Peki, bugün küresel yavaşlama derinleşmesi karşısında ihtiyacı olacak genişlemeci maliye politikasını yüzde 1-2’lik bütçe açığı ve yüzde 35’in altında borç stoku yapısıyla başka hangi ülke uygulayabilecek durumda? Eğer ‘emeklilere iki ikramiye’ analojisinden yola çıkarak bu taahhütler ile sonunda Yunanistan’ın durumuna düşeceğimize işaret ediliyorsa; mali tablolar ve istatistiklerde yapılan tahrifat ve kurumsallaşmış yalanların da aynı mı olduğunu sormamız gerekiyor?
Seçim vaatleri konusunda iktidar partisindeki ve muhalefetteki ekonomi kurmaylarının en başta mutabık olmaları gereken temel konu, en başta kamusal ekonomik faaliyetlerin şeffaflığının sağlanması olmalıdır; hesap verme, şeffaflık ve dürüstlük.
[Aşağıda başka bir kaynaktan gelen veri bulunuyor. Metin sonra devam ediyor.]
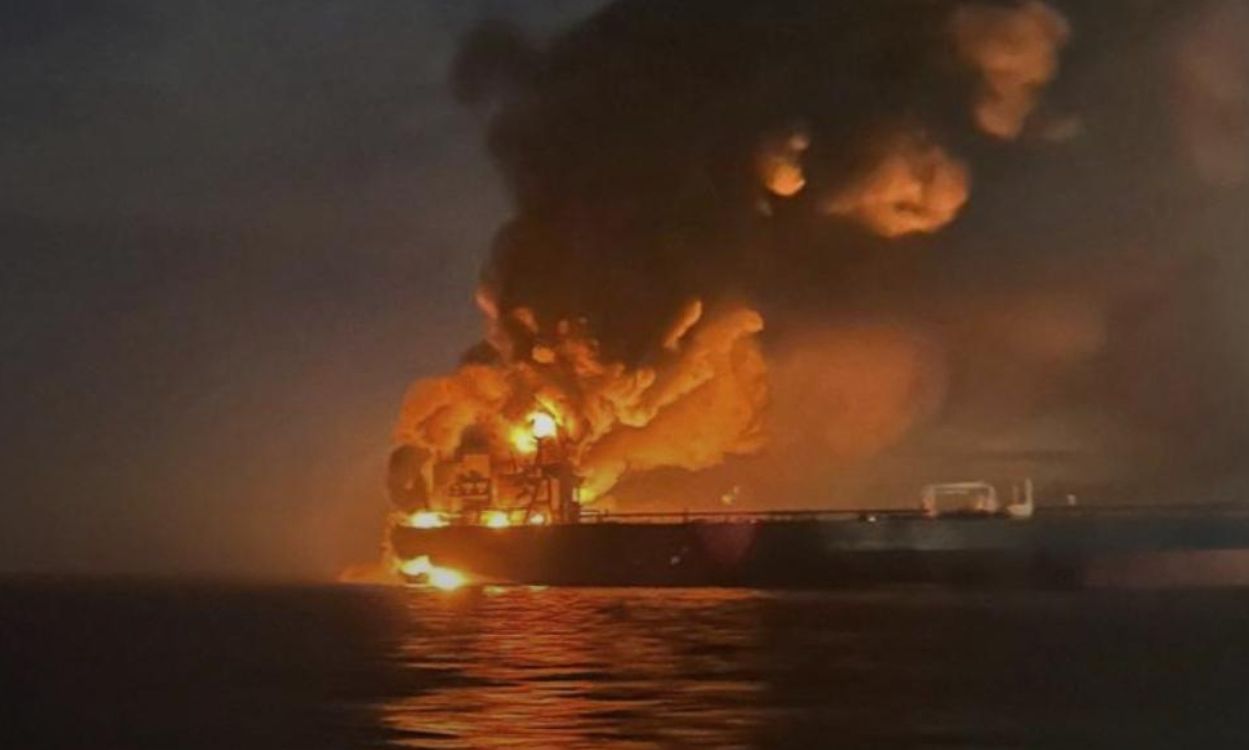 Εκρήξεις στη Μαύρη Θάλασσα: Δύο ρωσικά δεξαμενόπλοια της τυλίγονται στις φλόγες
Seçime giderken verilen vaatlerin kaynaklarının ya da kaynak tahsisini nasıl değiştireceğinin objektif ve açık biçimde konulması da bu tablonun bir parçası olmalıdır.
Kamu yönetimi alanında uzman Şerif Sayın hatırlattı; Avustralya’da 1998’de yürürlüğe sokulan yasa niteliğindeki Bütçe Dürüstlüğü Sözleşmesi’ne göre, seçimden önce yasal süreç başladığında Başbakan’ın hükümetin kamuya açıklanan projelerin maliyetlerinin çıkarılması ve raporlanması için Hazine ve Maliye müsteşarlıklarına talimat vermesi söz konusu. Aynı biçimde, muhalefet liderinin de muhalefetin seçim taahhütlerinin mali boyutu ve yükü konusunda aynı çalışmayı yapmayı talep etme hakkı var. Yani vaatlerin ekonomik boyutu hakkında en teknik ve gerçekçi sayılar kamuoyunun önüne konuluyor.
Avustralya bütçe hakkı konusunda en şeffaf ve hesap verebilirliğin en yüksek olduğu bir ülke. Mali kurallı ve güçlü bir ekonomi politikası var. 2009’da çoğu gelişmiş-gelişen ülkeler ekonomik daralmaya girerken Avustralya’nın büyümesi, ortalama yüzde 3.5’tan sadece yarıya düştü.